General CLI Philosophy

These are principles and habits I have developed over many years of writing CLI tools in a variety of languages. Examples of my personal methodologies per language are included here.

What do I mean by CLI?

A CLI includes any script that is more than a disposable ad-hoc script as well as more formal tools intended to be general purpose or shared with others.

Basic Principles I Follow

  1. Revision control everything
  2. Provide online documentation
  3. Validate inputs/dependencies
  4. Support human readable and machine readable output when possible
  5. Log/output actionable error messages
  6. Appropriately use options and arguments
  7. Use proper return codes

Many of these will mean you have more lines of code dedicated to them than for the logic itself. That may seem silly, but focusing on usability typically saves you work in the long run. It also forces you to reevaluate what you are doing as you go. That may reveal opportunities to make the tool more useful or ensure better logic.

Revision Control

Hopefully this is obvious, but revision control all code and host it externally.

If it left locally or on another host, you will lose it. You will likely want that code again one day for something to rip off. If it’s not worth having its own repository, just shove it in a blanket “scripts” repo.
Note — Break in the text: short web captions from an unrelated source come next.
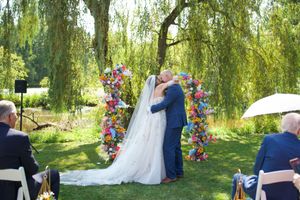 A romantic outdoor wedding ceremony under weeping willow trees with colorful floral arrangements.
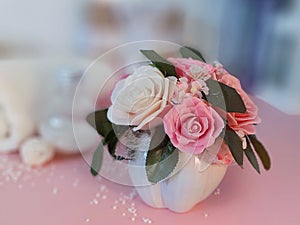 Bouquet of soap roses in vase, towel, cosmetic products on pink background.
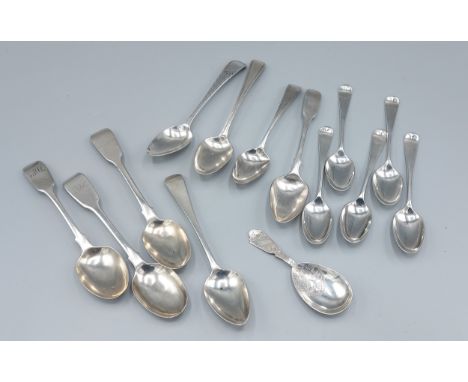 A Victorian silver caddy spoon, Birmingham 1900 together with thirteen silver teaspoons, 7ozs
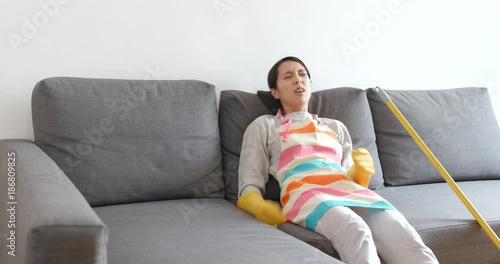 Housewife sitting on sofa after doing all housework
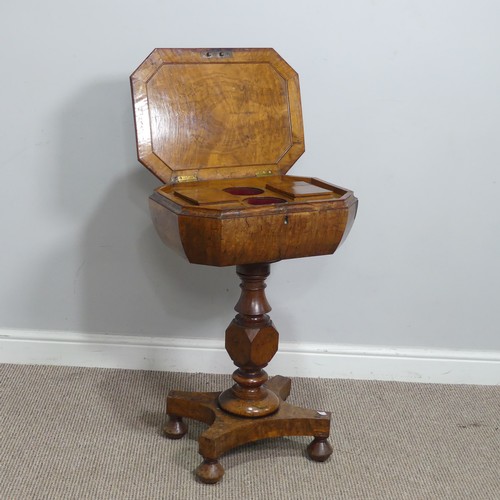 630 - A 19th century burr walnut Teapoy / Tea Caddy on stand, octagonal hinged top concealing two hinged p... 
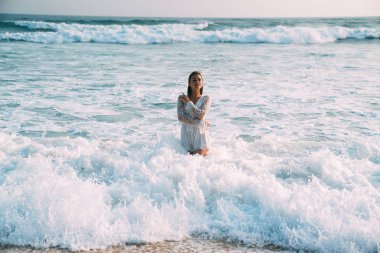 Esmer güzel bir takım elbise içinde bel-derin deniz suyu ve beyaz köpük olduğunu. Denizde yüzme gevşeme, plaj, kavramı güneşlenme, insanlar.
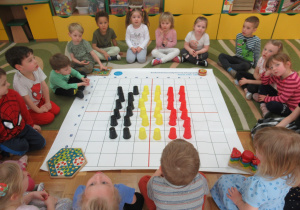 Dzieci siedzą wokół maty do kodowania, na macie ułożona flaga Belgii z kolorowych kubeczków.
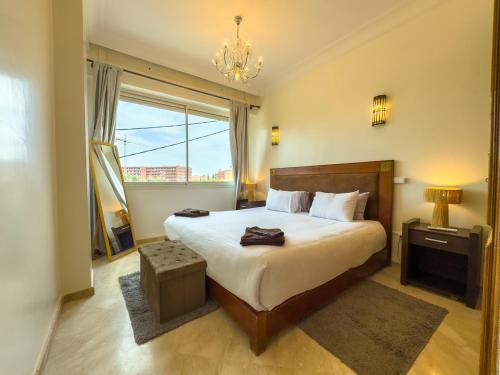 马拉喀什Elegant 2-BR, Pool And Parking Hivernage Centre的一间卧室，配有一张大床和一扇窗户。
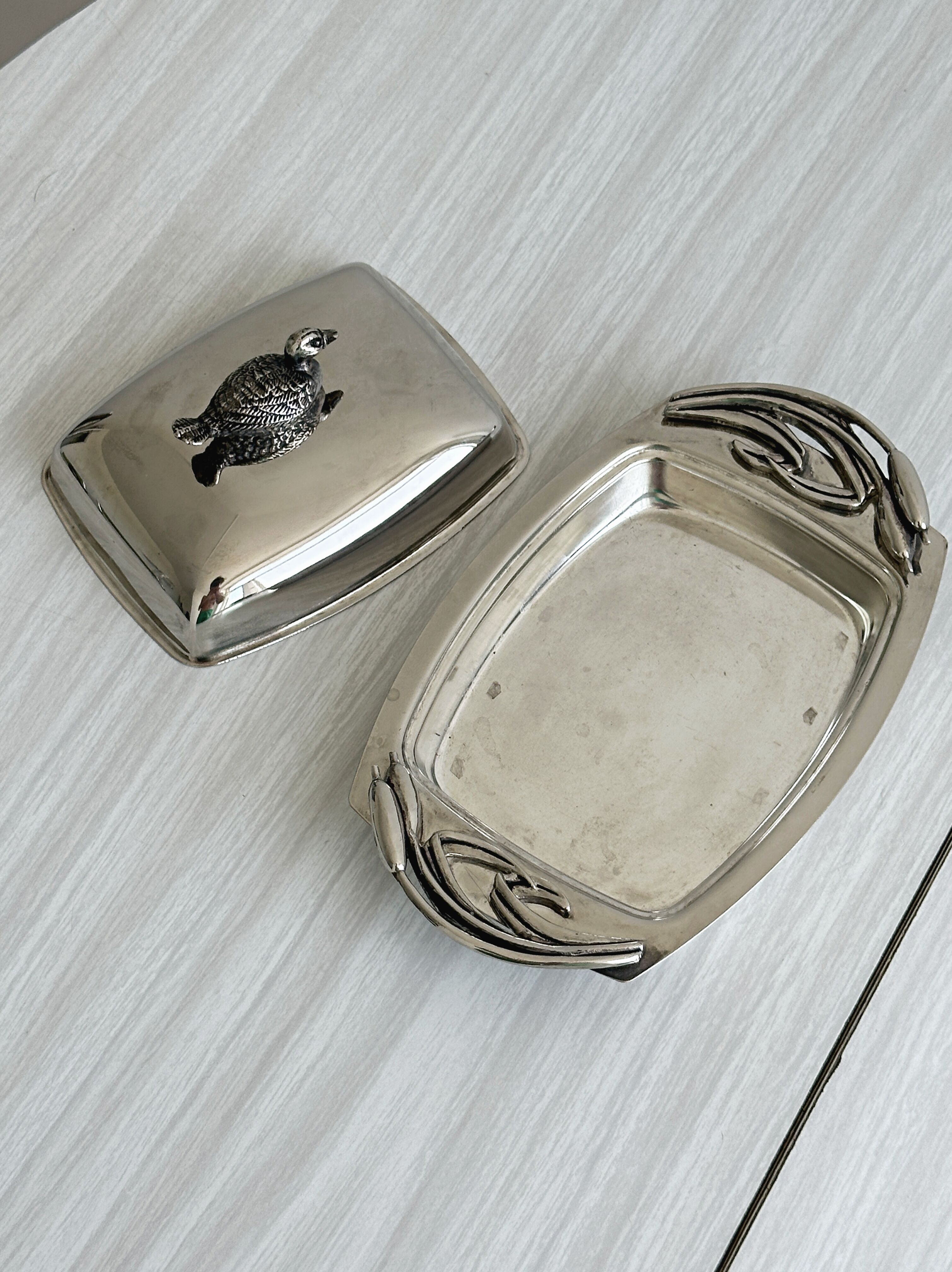 Antique shiny metal butter dish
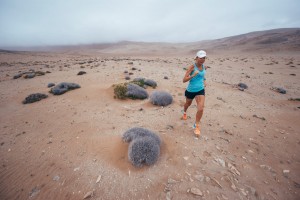 Mina Guli running in Chile's Atacama Desert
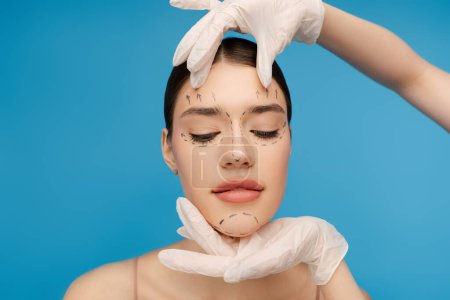 Photo for Doctor checking female face before cosmetic surgery operation. Isolated on blue background. Beauty care, anti aging procedures, plastic surgery concept - Royalty Free Image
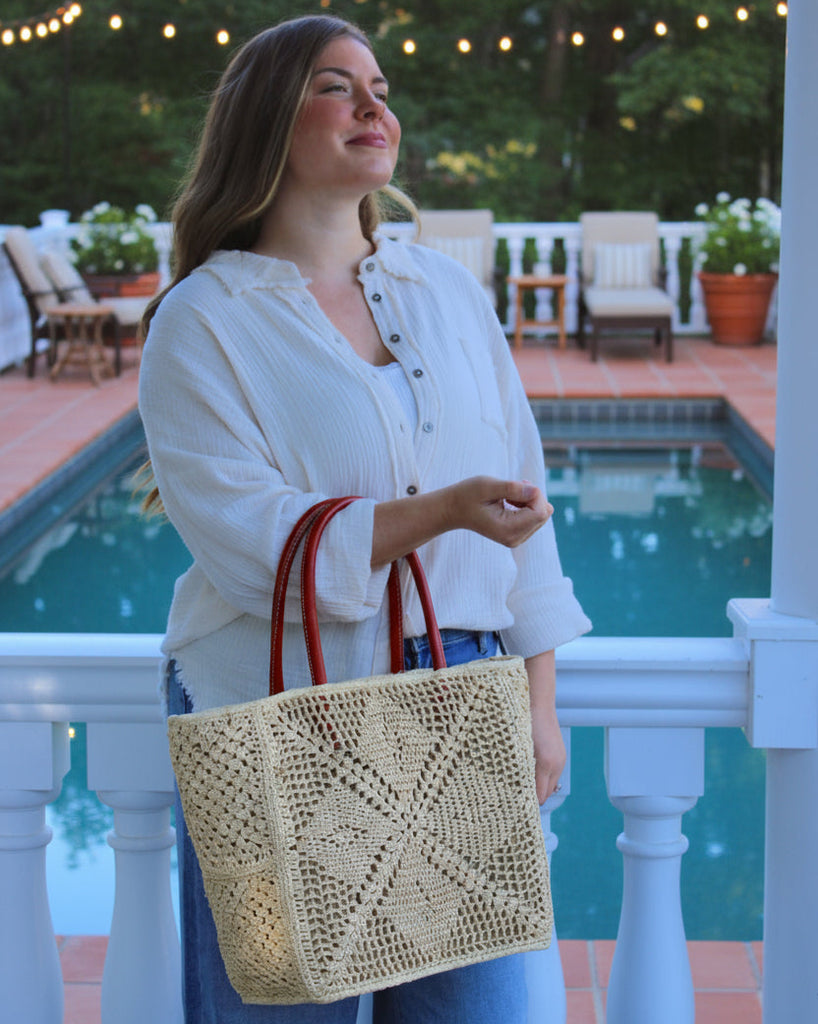 Model wearing Cheval Lace Square Pattern Crochet Straw Basket Bag handmade from natural raffia palm fiber in a lace square geometric diamond pattern with triangle detailing textile in a natural straw color with leather handles handbag purse beach bag tote- Shebobo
That could be private on GitHub, kept for a dumping ground for your team’s ad-hoc work, etc.

You can delete the file when it’s superseded by a more formal tool in its own repository or a better version of the tool. It’s really common for me to move from a shell script to a proper programming language when the scope of the tool becomes awkward in shell. Delete the file. But by using version control, it still exists for when you want to rip off your prior work.

Online Documentation

I mean this in the traditional sense of -h/--help output, man pages, etc. Sticking a README.md file in a repo is nice, but being able to check basic usage is critical.
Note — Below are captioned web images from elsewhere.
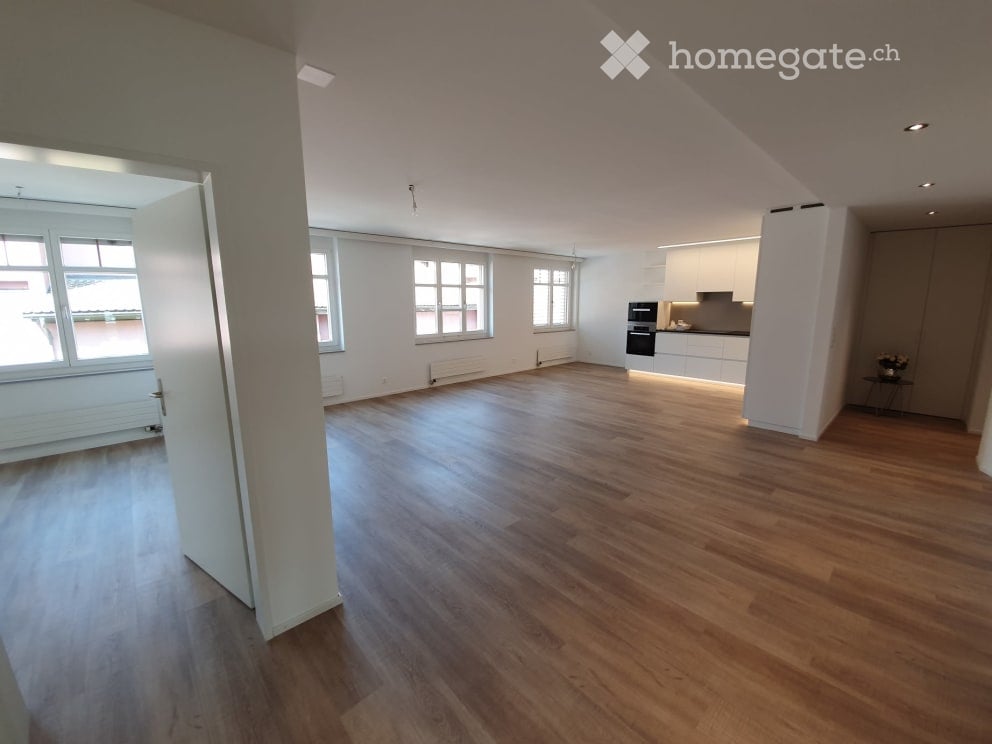 Bright, empty room with wooden flooring, white walls, large windows, and a small kitchen area visible in the background.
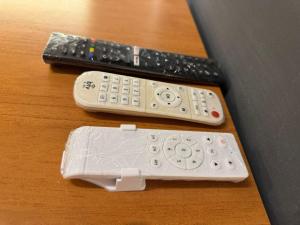 two remote controls sitting on top of a table at Solarium Riviera - Casa2 - NOVA 600m praia Riviera in Matinhos +15 photos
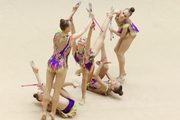 Gymnasts during an exercise with clubs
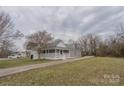 A charming home featuring a covered porch and a long driveway at 116 11Th St, Spencer, NC 28159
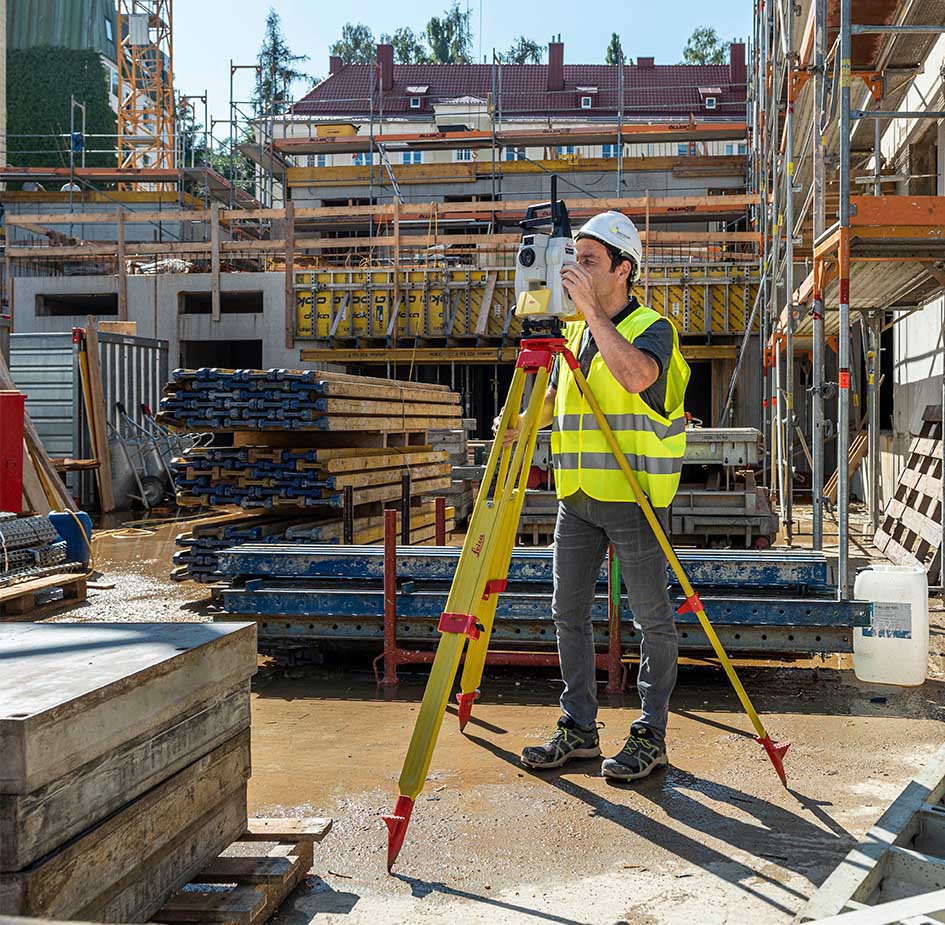 Ein Mitarbeiter von Smart Systems Technology misst mit einer Leica Totalstation auf einer Baustelle die Umgebung aus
I will not remember what I did in 3 months. I don’t want to have to read the code just to see how to use it again.

This segues into the next item.

Validate Inputs/Dependencies

Whether using a CLI framework or not, validate options and arguments whenever possible. Like online documentation, this will save you from your future self.
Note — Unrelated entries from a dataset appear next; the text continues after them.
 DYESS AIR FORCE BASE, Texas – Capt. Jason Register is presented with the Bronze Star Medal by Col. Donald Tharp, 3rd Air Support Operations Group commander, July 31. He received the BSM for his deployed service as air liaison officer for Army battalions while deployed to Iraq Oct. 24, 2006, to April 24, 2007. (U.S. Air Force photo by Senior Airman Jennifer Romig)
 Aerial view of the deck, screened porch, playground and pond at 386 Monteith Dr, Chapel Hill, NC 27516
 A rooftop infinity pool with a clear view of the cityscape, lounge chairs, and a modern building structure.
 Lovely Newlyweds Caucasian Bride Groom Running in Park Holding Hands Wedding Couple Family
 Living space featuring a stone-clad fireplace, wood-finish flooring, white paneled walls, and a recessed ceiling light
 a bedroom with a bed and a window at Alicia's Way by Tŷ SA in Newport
If your tool has dependencies that are not part of the standard tooling, check for them and error out before doing anything.

Human/Machine Readable Output

Make sure your default output is easily readable by human beings. But also make sure you provide output that is easily machine readable so that you can redirect the output for further processing. Following this typical Unix behavior opens up opportunities to do things you may not expect.

I typically check to see if STDOUT is a TTY. If so, output human happy output. If not, then provide a reasonable default machine readable output. Usually that’s just something awkable. If I think it should be more structured, it may be JSON or provide options for different outputs like CSV, JSON, and YAML.

Actionable logs

Make log messages show what should be done to resolve the error and not just state the internal problem whenever possible.

Dumping a stack trace is always a bug.

Ideally, write error messages to STDERR. It’s more “correct”, but it also enables redirecting STDOUT without breaking further processing.

Options and Arguments

Arguments are required input. Options are… optional. A missing argument is a usage error (EINVAL), a missing option should not necessarily result in an error. The exception to that is if configuration may be provided through the command, an environment variable, or a configuration file, but is still required. I typically use that as the order of precedence.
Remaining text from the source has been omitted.